COLOGNE, Germany (FNS) -- Despite a variety of obstacles, U.S. food manufacturers are determined to crack the European food market, said exhibitors at the Anuga World Food Market here.
The toughest products to export remain beef, poultry, pork and dairy-based lines. These categories continue to be the most protected by tariff barriers, especially in the European Union, exhibitors said.
"We still face tremendous trade and access problems in Europe. They're almost ongoing and never-ending," said Mark A. Gustafson, senior vice president of sales and marketing at ConAgra Refrigerated Foods, which was formed earlier this year to draw together all the company's operations in beef, poultry, pork and dairy products to better enable it to attack export markets.
Gustafson said the company's strategy now is to offer a broad range of products so that when one category is blocked by tariffs or faces weak demand, it can get business in another. ConAgra recognizes that exporting will be a long-term proposition, especially in Europe, but believes it's vital to remain committed to the European market because some of its regulations eventually may be adopted by other countries.
"If we want to be a major global player we simply can't ignore a major trading bloc like the EU," Gustafson said. Currently ConAgra's largest export markets include Russia and the Pacific Rim, where the company believes its greatest potential lies because of the region's huge growth in population.
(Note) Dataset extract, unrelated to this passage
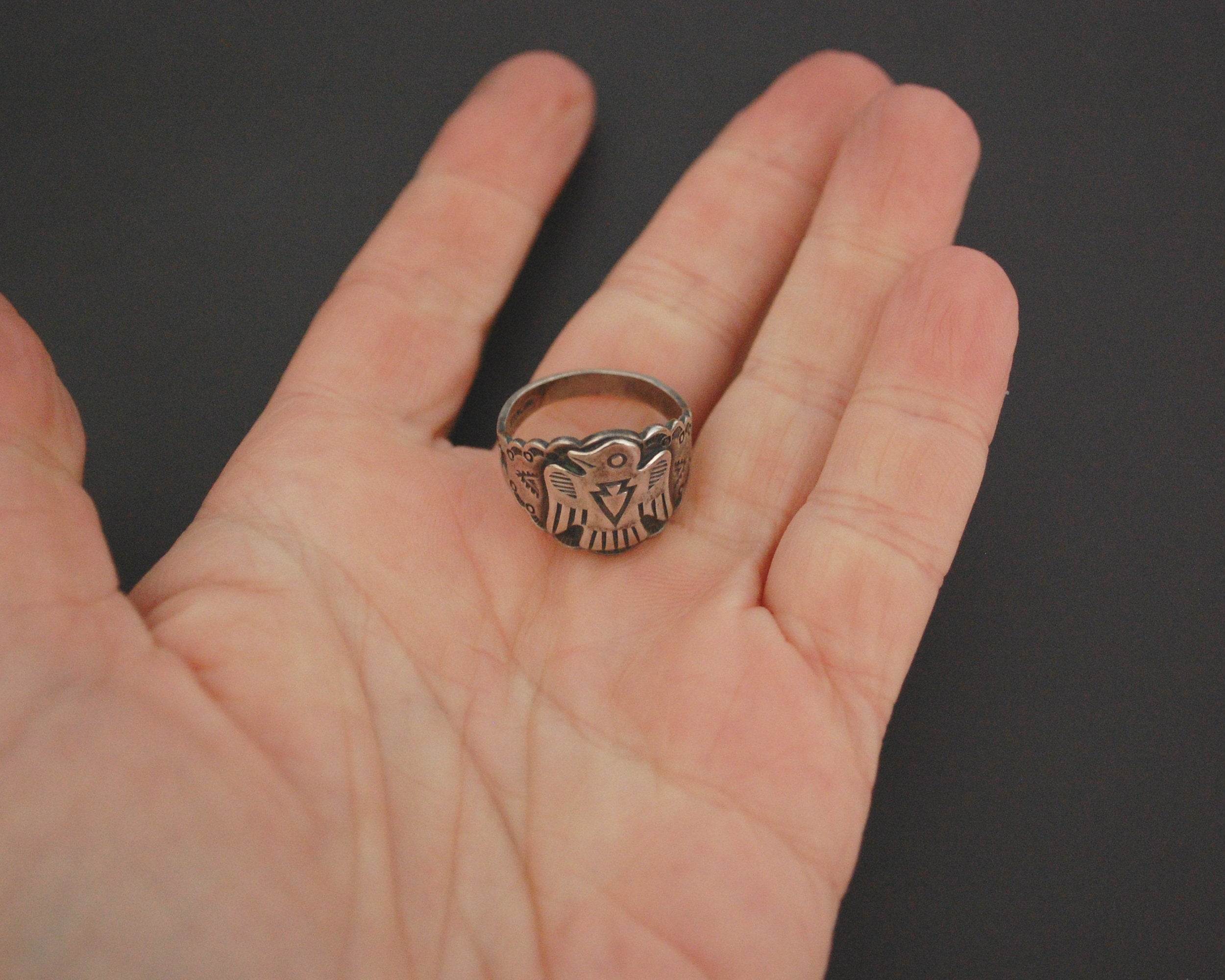 Navajo Thunderbird Ring - Size 6.5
And while exporting U.S. milk is almost a nonstarter, especially in Europe, there are business opportunities developing for other dairy products.
Export Dairy Inc., Alexandria, Va., was offering products from four dairy cooperatives in Pennsylvania, New York, Vermont and Massachusetts at Anuga and had received inquiries from Cyprus, Greece, Egypt and Israel for such products as nonfat dry milk, organic dairy lines and cheeses.
Cabot Farms, one of its members, recently sold 1 million pounds of extra sharp cheddar cheese to the United Kingdom as well, said Robert J. Gray, Export Dairy's executive director.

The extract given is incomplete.